The whole listing should come back exactly as written, except for the pictures.

SUPPLIED MATERIAL:
* * *

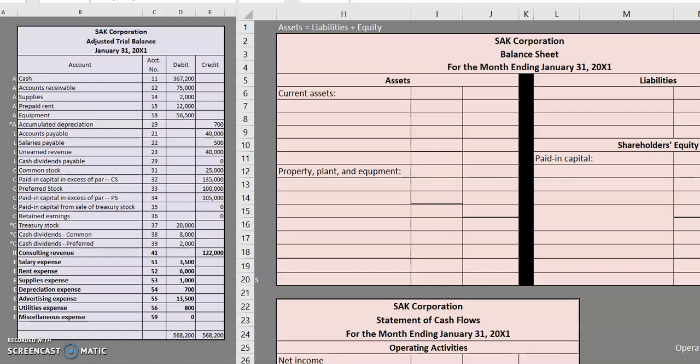Hello and welcome to another TLC Tutoring Company Accounting lesson. In this video we are working on step 7 of our accounting cycle for SAR Corporation. We are going to be working on a balance sheet, particularly for this video. So when we're going to our balance sheet, we've already done our income statement and our statement of retained earnings.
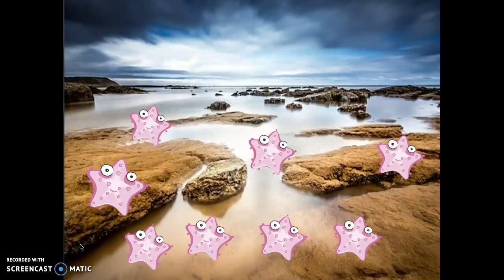Look at this picture. I went to the beach and I saw this tide pool — and what are those animals inside that tide pool? Yes, starfish. Aren't they so cute? So I had all of these starfish and I was like, how many are in that picture?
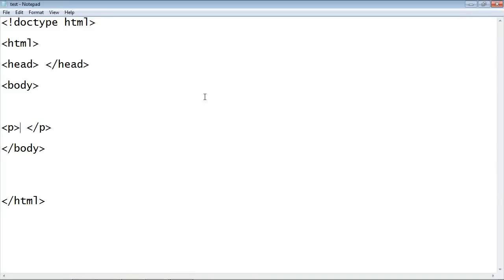Welcome to your ninth tutorial on Beginning HTML. This is going to be a quick tutorial. I just wanted to talk about nested elements. Nested elements are putting an element inside another element. It's that simple.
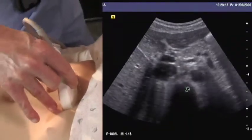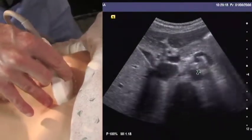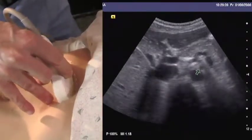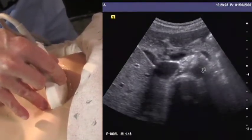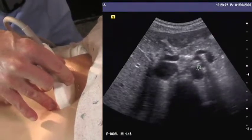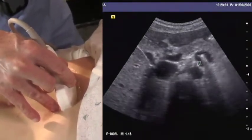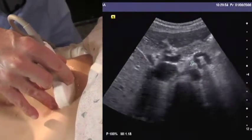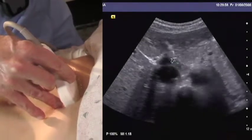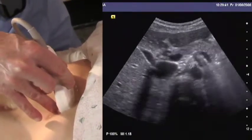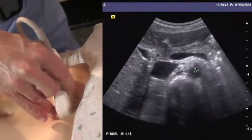Progressing steadily in a cephalad direction, the first vessel to arise from the aorta is the celiac axis, right here. The celiac axis divides into the common hepatic artery and the splenic artery — this is characteristically described as a seagull sign, though not particularly well seen in this case. The hepatic artery heads to the patient's right towards the porta hepatis.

* * *

EXERCISE OUTPUT:
Hello and welcome to another TLC Tutoring Company Accounting lesson. In this video we are working on step 7 of our accounting cycle for SAR Corporation. We are going to be working on a balance sheet, particularly for this video. So when we're going to our balance sheet, we've already done our income statement and our statement of retained earnings.
Look at this picture. I went to the beach and I saw this tide pool — and what are those animals inside that tide pool? Yes, starfish. Aren't they so cute? So I had all of these starfish and I was like, how many are in that picture?
Welcome to your ninth tutorial on Beginning HTML. This is going to be a quick tutorial. I just wanted to talk about nested elements. Nested elements are putting an element inside another element. It's that simple.
Progressing steadily in a cephalad direction, the first vessel to arise from the aorta is the celiac axis, right here. The celiac axis divides into the common hepatic artery and the splenic artery — this is characteristically described as a seagull sign, though not particularly well seen in this case. The hepatic artery heads to the patient's right towards the porta hepatis.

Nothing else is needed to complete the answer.